Au Kosovo, notre pays accorde une attention particulière à la situation en Macédoine et souhaite que soient éliminées les divergences. La priorité de la Russie réside dans la protection des droits de ses citoyens à l’étranger afin qu’ils puissent conserver leur culture dans les pays d’accueil. Certains Etats refusent cette intégration des populations russophones et les contraignent à une assimilation forcée. C’est notamment le cas en Lettonie et en Estonie qui doivent cesser les pratiques discriminatoires à l’égard des minorités. Au Moyen-Orient également, il est important de briser le cycle d’intolérance afin de juguler la haine et la xénophobie. En Russie, certains groupes organisés se manifestent souvent de manière dangereuse et bénéficient des moyens de communication de masse pour véhiculer leurs messages de haine. Nous sommes ici rassemblés pour contribuer à des avancées et regarder vers l’avenir. Il convient de réaffirmer le caractère universel de l’ONU, de réaffirmer les principes de la Charte, de rendre universel les instruments juridiques relatifs aux droits de l’homme, de surmonter les réflexes identitaires et extrémistes en mettant fin à l’inégalité entre les Etats. Il importe également de protéger le développement des minorités linguistiques et religieuses et contrôler davantage les risques posés par les nouvelles technologies pour les droits de l’homme et enfin d’associer les organisations non gouvernementales et la société civile à nos efforts de lutte contre le racisme et la discrimination.
Droits de réponse
Le représentant de la Turquie a jugé inopportun que le représentant de l’Arménie ait choisi ce forum pour diffamer deux pays dont la Turquie. Le terme de génocide est un terme qui ne saurait être galvaudé. Ce terme renvoie à des notions juridiques définies avec précision. Or, les événements mentionnés par l’Arménie ne répondent pas à ces critères. Les allégations proférées par l’Arménie ne peuvent donc que contribuer à créer un climat hostile.

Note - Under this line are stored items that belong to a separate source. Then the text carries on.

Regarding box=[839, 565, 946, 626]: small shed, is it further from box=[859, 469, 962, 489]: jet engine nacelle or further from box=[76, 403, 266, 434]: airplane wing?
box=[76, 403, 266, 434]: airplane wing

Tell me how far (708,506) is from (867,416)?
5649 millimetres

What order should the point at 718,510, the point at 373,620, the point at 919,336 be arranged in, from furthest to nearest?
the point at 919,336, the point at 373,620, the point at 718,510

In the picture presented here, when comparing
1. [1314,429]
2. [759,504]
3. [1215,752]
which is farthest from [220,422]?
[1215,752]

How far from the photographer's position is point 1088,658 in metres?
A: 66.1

En réponse à la déclaration faite cet après-midi par Chypre, le représentant turc a rappelé que l’intervention de la Turquie dans la partie nord de Chypre en 1974 ne visait qu’à cesser l’effusion de sang et à sauver des vies.

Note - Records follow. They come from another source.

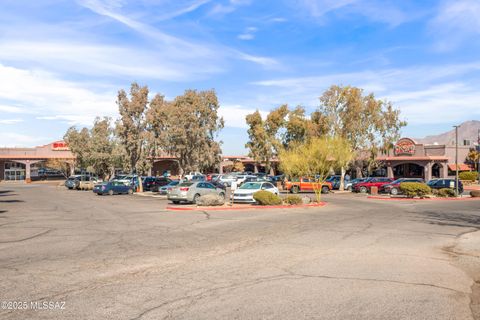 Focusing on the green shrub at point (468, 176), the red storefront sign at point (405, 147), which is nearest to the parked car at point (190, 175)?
the red storefront sign at point (405, 147)

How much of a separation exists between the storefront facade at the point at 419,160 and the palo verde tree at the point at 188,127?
22.9 meters

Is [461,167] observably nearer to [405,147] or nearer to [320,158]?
[405,147]

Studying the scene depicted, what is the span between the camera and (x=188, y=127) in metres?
51.0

Le représentant de l’Azerbaïdjan a rappelé que les Nations Unies avaient mis l’accent sur la nécessité pour les parties concernées de respecter ce qui a été défini. A ce jour, on ne compte aucun Azéri en Arménie. Etat monoethnique, l’Arménie entend appliquer une politique discriminatoire. La délégation arménienne devrait se conformer aux résolutions pertinentes du Conseil de sécurité.

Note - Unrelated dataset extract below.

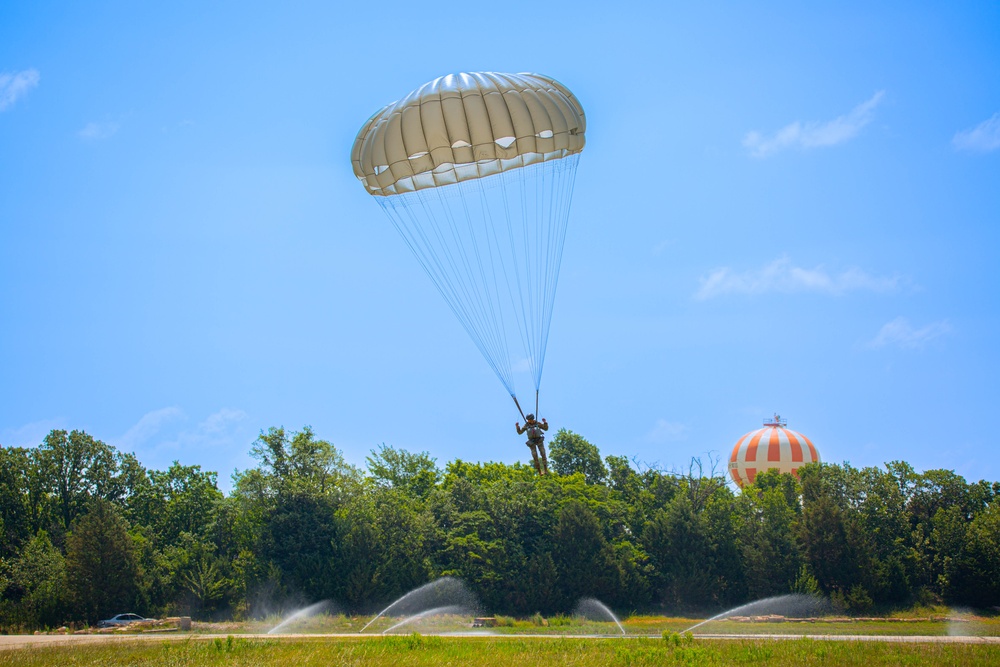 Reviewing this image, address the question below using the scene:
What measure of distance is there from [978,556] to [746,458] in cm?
2096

A son tour, le représentant de l’Arménie a rappelé que le génocide commis par l’Empire ottoman a entraîné la mort de plus de 500 000 personnes et les autorités turques jusqu’à ce jour, en dépit des appels de la communauté internationale, n’ont jamais reconnu ce génocide. Sa délégation ne pouvait garder le silence après la déclaration provocatrice que la Turquie a devant la Conférence mondiale. L’Arménie condamne la déclaration faite par l’Azerbaïdjan et rappelle qu’il faut promouvoir la paix et non la haine.